Like most people who write about politics these days, I want to say something about Donald Trump and his enduring lead in the GOP presidential polls -- with the first caucusing in Iowa exactly two months away. And like most of them, I struggle with what that would be. Haven't I already branded Trump a runaway liar? Why yes, I have. And haven't I fully examined the right-wing media machinery that made the short-fingered vulgarian's lies possible? Check, check and check. Fascism? Been there, done that. Is there anything that either I -- or one of the many more important journalists out there -- could write that would make a difference?

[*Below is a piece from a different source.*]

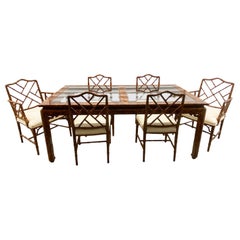 Faux Bamboo 7 Piece Dining Set 6 Chairs Table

But I do think David Roberts (not the new Dodgers' manager) over at Vox.com has the best analysis yet of Trump's deceitful road to 1600 Pennsylvania Avenue. There's a lot of good stuff here, but I want to highlight this particular part on what lies make the media apoplectic, and which aren't such a big deal:
It's a mistake to see Trump as de novo. The term is all over the place now, but I wrote my first column about "post-truth politics" back in 2010 (see follow-ups here and here). Conservatives have been bending the truth for many years now. Romney and Ryan lied like crazy in the 2012 campaign. Republicans in Congress have been telling outrageous lies about Obama for almost eight years, everything from his secret Muslim-hood to Agenda 21 to his plan to confiscate guns and to institute Sharia law.
Remember Sarah Palin and death panels? Swift Vets going after Kerry? Bush and Cheney and weapons of mass destruction? Clinton having Vince Foster shot? Oh, and climate change being a coordinated global hoax? The increasing radicalization and insularity of the conservative movement over the past several decades has made it, in Norman Ornstein and Thomas Mann's words, "unmoved by conventional understanding of facts, evidence and science."
Of course, all politicians bend the truth, and Democrats do it too. But the parties are not symmetrical in this regard. There is simply nothing on the left like the phenomenon of numerous elected politicians and a third of Republicans believing that Obama is training troops in Jade Helm for a coup. That is wackadoodle, Alex Jones–level stuff, and it isroutine on the right. The other day Ted Cruz speculated, based on a clerical error hyped by a far-right blog, that the Planned Parenthood shooter is a "transgendered leftist activist." It was wildly irresponsible, but it barely qualified as the most outrageous howler of the day.
Donald Trump's nonsense is not appreciably more nonsensical than much of what circulates in right-wing media every day, the same right-wing media Beltway reporters have been treating with kid gloves for years. Why do his lies rankle so?
Right...lie about weapons of mass destruction in Iraq and you get re-elected, but lie about grain storage in ancient pyramids and they'll crucify you. As for "why do [Trump's] lies rankle so?"...it's complicated. Roberts notes, as other have before him, that the media's role as a "gate-keeper" and as a sanctioner of lies has collapsed under the Trump onslaught. The brilliance of the billionaire's leveraged buyout of the GOP is that it's built on the 25 percent of the minority party -- thus, maybe 8-10 percent of the nation, max -- that doesn't believe a word in the lamestream media.
The conclusion by Roberts is brilliant, though -- that Trump has forced the major media to either a) give up and stop fact-checking the candidate, and admit that journalism doesn't have an important role to play or b) fight Trump's dishonesty at a new level, one that would forever trash antiquated (to me, at least) ideas about objectivity and balance.
I've given up pretending I know what's going to happen. It's possible that a savior will rise from the streets (Christie?....God help us) and that Trump melts. On the other hand, if Trump actually spends some of his billions to get his people to show up in Iowa and keeps his lead in New Hampshire, a flood of winner-take-all (i.e., 25 percent of the vote can get 100 percent of the delegates) primaries could give him the crown before the GOP bosses knew what hit them. And in the fall of 2016, if it's Trump v. Hillary, anything can happen.